Strona:Dzieła dramatyczne Williama Shakespeare T. 6.djvu/243

Ta strona została przepisana.
—   233   —

W królewskie bowiem dostałaś się ręce.
Wypowiedz śmiało wszystkie twe życzenia,
Bo tak jest pełne serce jego łaski,
Że się na wszystkich potrzebnych rozlewa.
O, dozwól, pani, ażebym mu poniósł,
W twojem imieniu, ufne twe poddanie:
Znajdziesz zwycięzcę pełnego dobroci,
Gdy zwyciężony błaga na kolanach.
Kleopatra.  Prokulejuszu, idź mu więc powiedzieć,
Że jestem jego fortuny wasalem,
U nóg mu składam wielkość, którą pobił,
Skrzętnie się teraz posłuszeństwa uczę,
A oko w oko zobaczyć, go pragnę.
Prokul.  Twe mu powtórzę słowa, droga pani.
Nie troszcz się tylko, jestem bowiem pewny,
Że się nad twojem lituje nieszczęściem
Ten, co jest jego sprawcą przymuszonym.

(Tu Prokulejusz i dwóch Żołnierzy po drabinie do okna przystawionej wchodzą do grobowca i stają przy Kleopatrze; inni Żołnierze otwierają wrota).

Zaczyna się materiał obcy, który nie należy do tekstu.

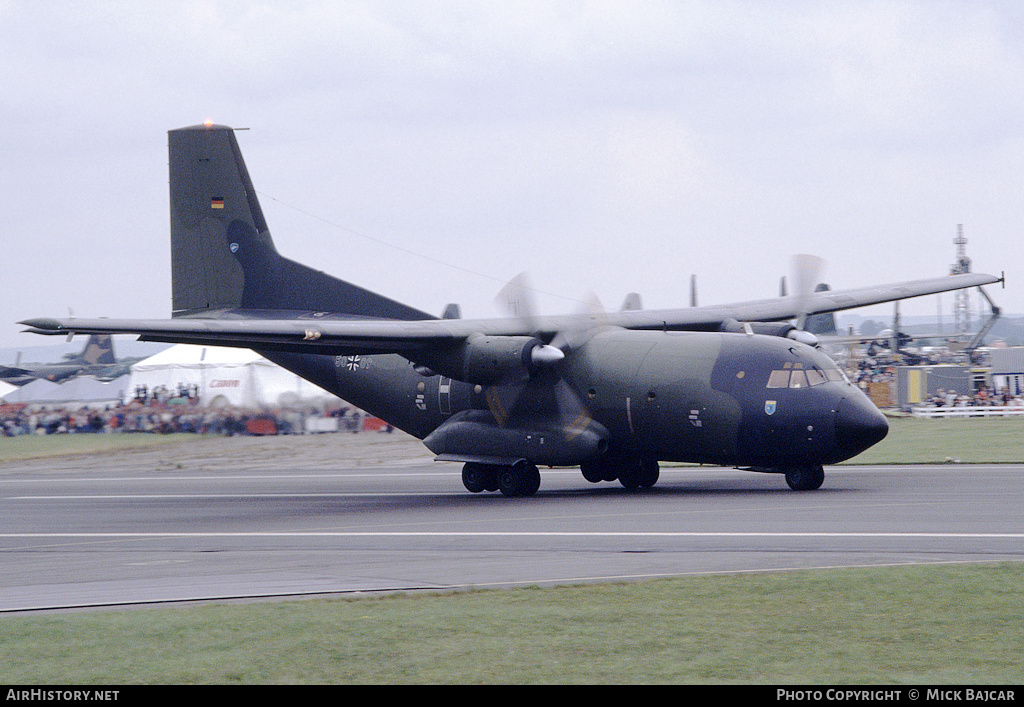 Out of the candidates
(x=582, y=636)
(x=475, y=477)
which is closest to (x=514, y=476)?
(x=475, y=477)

Gallus.  Sam widzisz, jak ją łatwo było podejść.
Miejcie straż baczną, aż Cezar przybędzie.

(Wychodzi).

Iras.  Królowo!
Charmian.  Pani zdradliwie pojmana!
Kleopatra.  Teraz mi ręko moja bądź zbawieniem!

(Dobywa sztyletu).

Prokul.  Stój, o stój, pani! Nie krzywdź sama siebie!

(Rozbraja ją).

Ten czyn nie zdradą lecz twym jest ratunkiem —
Kleopatra.  Od śmierci, która dla psów nawet naszych
Jest cierpień końcem.
Prokul.  Śmiercią twoją, pani,
Dobroci pana mego nie rób ujmy;
By całą wielkość swej duszy pokazał,
Jest mu potrzebne życie Kleopatry.
Kleopatra.  Gdzie jesteś, śmierci? Przybądź! Przybądź! Przybądź!